Maybe this will need C based highly optimized backend as well, however, the code looks very clean and beautiful to me. I hope someday differentiable programming becomes possible in common lisp.

BLAS/LAPACK is fortran, not C.

BLAS is a set of subroutine interfaces that originated in Fortran, but can be implemented in any language; most mainstream implementations use one or more of Fortran, C, C++, assembly, and DSLs.

It's my impression that common implementations of BLAS have fortran at the core because fortran (moreso than C) lends itself to automatic vectorization.

BLAS inner loops are usually explicitly hand-vectorized, so Fortran’s autovectorization advantages don’t help. I’ve written many BLAS kernels in assembly over the years.

Not arguing with that, but I think the jury is out on whether they need to be hand vectorized. With recent GCC, generic C for BLIS' DGEMM gives about 2/3 the performance of the hand-coded version on Haswell, and it may be somewhat pessimized by hand-unrolling rather than letting the compiler do it. The remaining difference is thought to be mainly from prefetching, but I haven't verified that. (Details are scattered in the BLIS issue tracker earlier this year.)

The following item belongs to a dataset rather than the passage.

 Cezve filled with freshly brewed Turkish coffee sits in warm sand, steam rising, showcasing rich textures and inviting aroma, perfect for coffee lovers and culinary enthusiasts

For information of anyone who doesn't know about performance of level 3 BLAS: It doesn't come just from vectorization, but also cache use with levels of blocking (and prefetch). See the material under https://github.com/flame/blis. Other levels -- not matrix-matrix -- are less amenable to fancy optimization, with lower arithmetic density to pit against memory bandwidth, and BLIS mostly hasn't bothered with them, though OpenBLAS has.